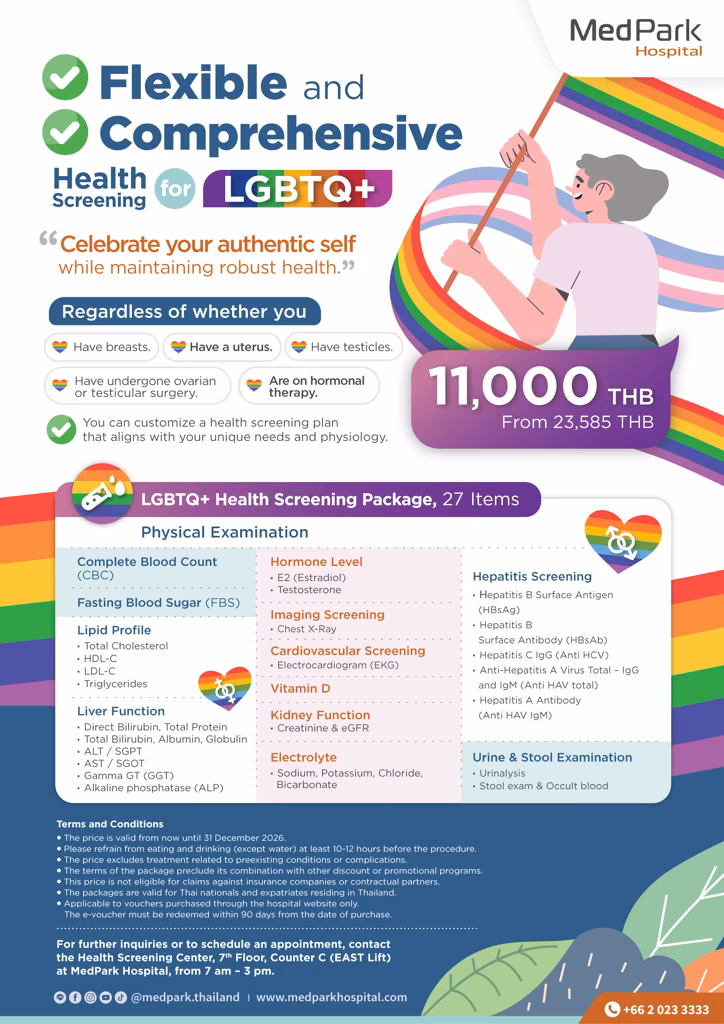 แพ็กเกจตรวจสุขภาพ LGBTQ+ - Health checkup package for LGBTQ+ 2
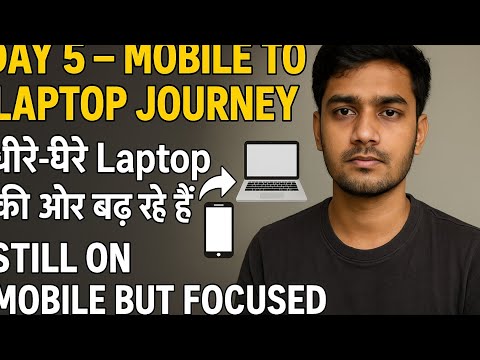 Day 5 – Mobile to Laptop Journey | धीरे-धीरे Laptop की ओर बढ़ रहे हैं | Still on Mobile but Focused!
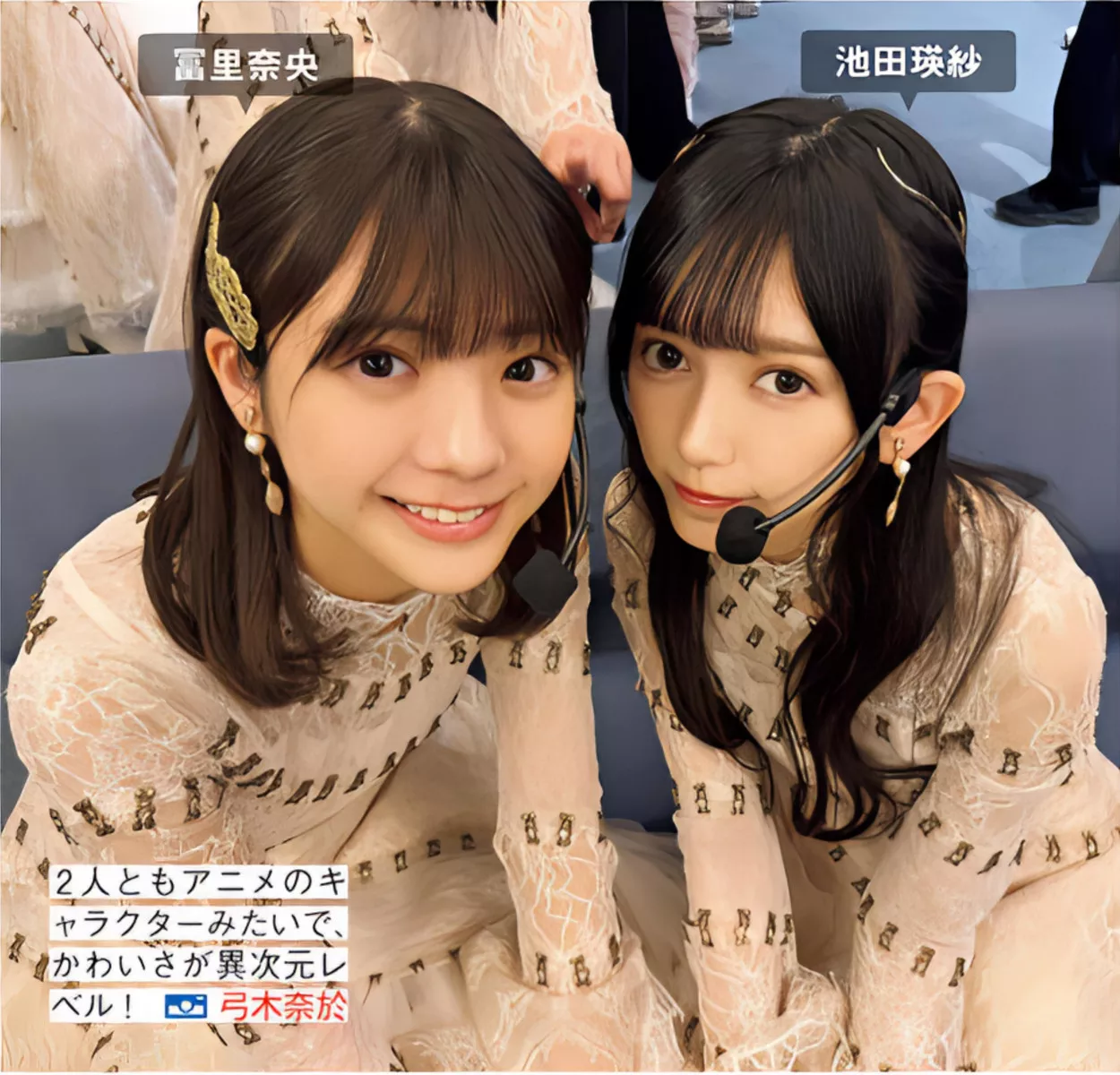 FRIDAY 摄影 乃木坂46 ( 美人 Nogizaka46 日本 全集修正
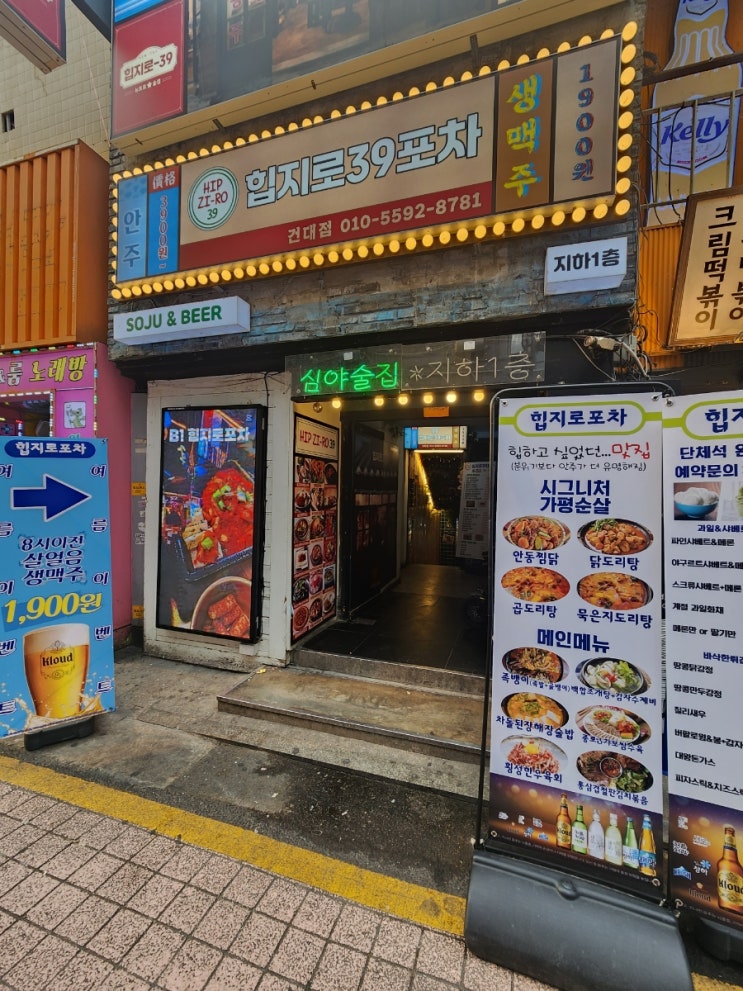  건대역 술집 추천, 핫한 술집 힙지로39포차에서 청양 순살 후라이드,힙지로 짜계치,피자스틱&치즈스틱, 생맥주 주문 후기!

****

:: DIRECTIONS ::
Give the data again exactly. Keep the images out.

:: EXERCISE RESPONSE ::
 แพ็กเกจตรวจสุขภาพ LGBTQ+ - Health checkup package for LGBTQ+ 2
 Day 5 – Mobile to Laptop Journey | धीरे-धीरे Laptop की ओर बढ़ रहे हैं | Still on Mobile but Focused!
 FRIDAY 摄影 乃木坂46 ( 美人 Nogizaka46 日本 全集修正
  건대역 술집 추천, 핫한 술집 힙지로39포차에서 청양 순살 후라이드,힙지로 짜계치,피자스틱&치즈스틱, 생맥주 주문 후기!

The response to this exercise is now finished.